Optional included content is not a source of package metadata. A single included file keeps its package-relative filename. An included directory is represented as a ZIP archive whose entries preserve the package-relative directory layout.
Optional asset bytes are distinct from optional included content. Asset bytes
copied into the package live under assets/ in the local package. Their
identity and package-relative location stay in assets.lock.parquet, with
store_type=file and key pointing at the package path.
Use typed OCI layers for registry transport. No separate metadata JSON file or custom OCI config JSON is required to rebuild the package.
OCI image manifests require a config descriptor. For now, stacpkg uses the
OCI empty JSON config descriptor and does not put authoritative package
information in that config. The package information lives in fixed file names,
Parquet schema metadata, OCI layer media types, descriptor annotations, and ZIP
entries. This avoids a custom STAC package config blob until package metadata
appears that cannot be represented without meaningful duplication.
The OCI artifact uses:
artifactType: application/vnd.stacpkg.package.v1+json
config.mediaType: application/vnd.oci.empty.v1+json
Required table layers:
application/vnd.stacpkg.items.v1.parquet
extracts as items.parquet
application/vnd.stacpkg.asset-lock.v1.parquet
extracts as assets.lock.parquet
Every layer records its safe package-relative path with the OCI
org.opencontainers.image.title annotation.
Optional directory content uses ZIP:
application/vnd.stacpkg.files.v1+zip
Copied package assets use separate asset layers so they remain distinguishable from generic optional files:
application/vnd.stacpkg.asset.v1
application/vnd.stacpkg.asset.v1+zip
For single asset blobs, org.opencontainers.image.title records the safe
package-relative asset path. For asset ZIP layers, the ZIP entries preserve
package-relative assets/ paths. Consumers must reject unsafe paths such as
absolute paths and .. parent traversal.
Package files must not contain credentials. Source and target access stays in the runtime environment: cloud profiles, environment variables, workload identity, mounted secrets, or provider-specific runtime configuration.
Alternatives Considered
- STAC Catalog directory only: Familiar to STAC users, but it does not provide an asset-lock table or a package-level table layout.
- Manifest-only package: Small and easy to inspect, but it pushes all item and asset-lock data into JSON and loses the efficient table files.
- Package metadata JSON as OCI source of truth: Explicit, but it duplicates data already present in fixed filenames, Parquet schema metadata, OCI descriptors, descriptor annotations, and ZIP entries.
- Store credentials in the package: Packages could be self-contained for immediate access, but this is unsafe to share. Authentication belongs to the runtime environment.
Consequences
The package is easy to inspect, archive, hash, and move through OCI or other package stores.
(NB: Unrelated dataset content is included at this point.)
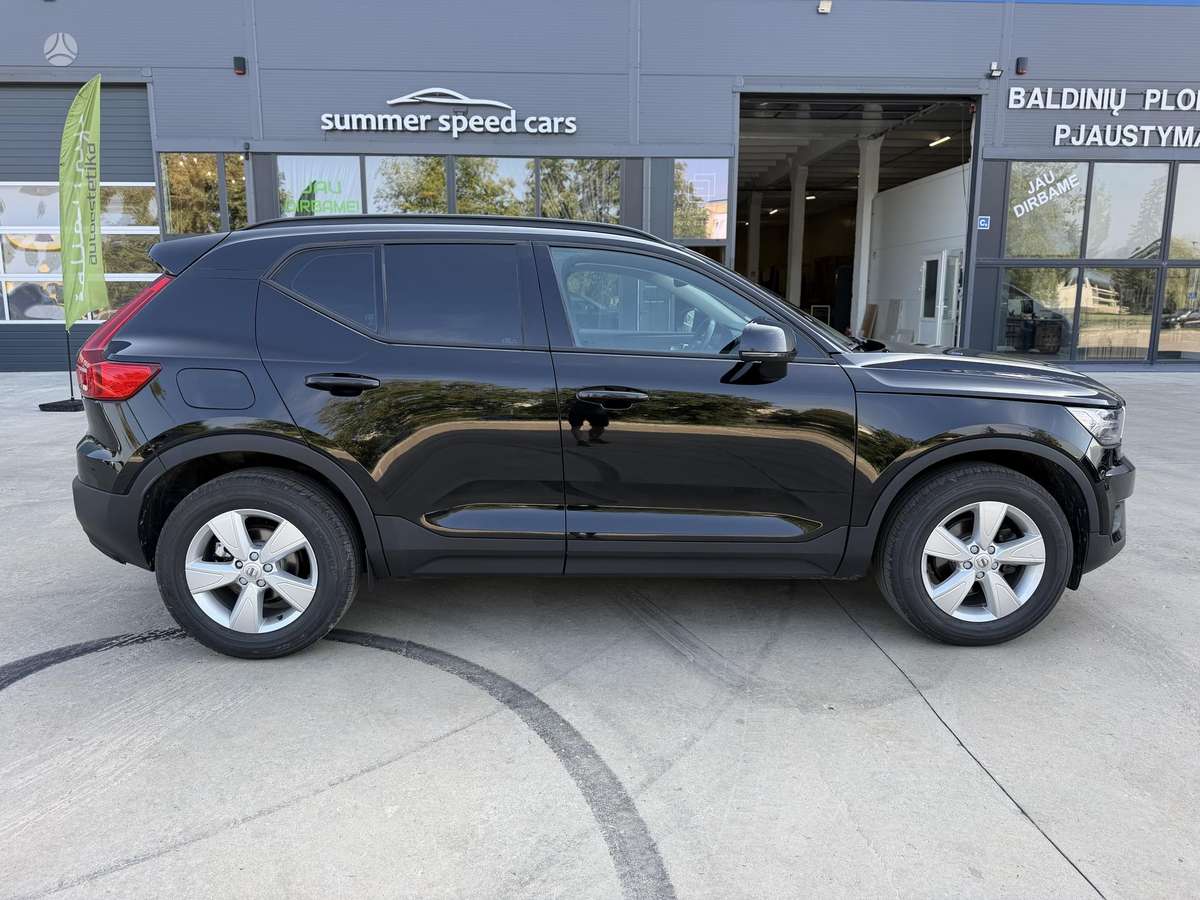 Volvo XC40, 2.0 l., off-road / crossover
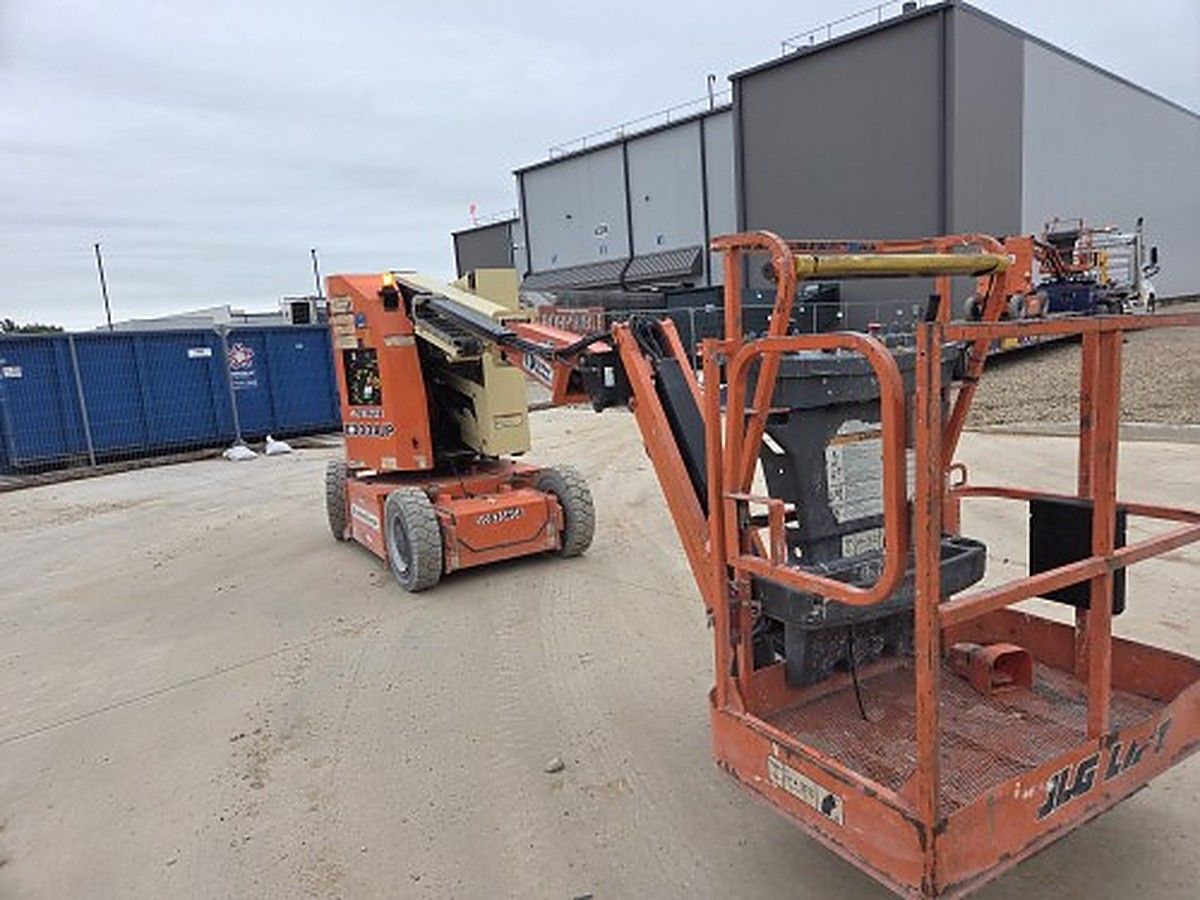 JLG E300AJP photo 2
Consumers can identify the required tables from fixed local filenames or OCI layer media types without guessing.
OCI artifacts expose the package shape before pull: readers can see whether the artifact has item metadata, an asset lock, optional file archives, and copied asset layers from descriptor media types and annotations.
The package does not include credentials. Workflows that need source or target access must provide credentials at execution time.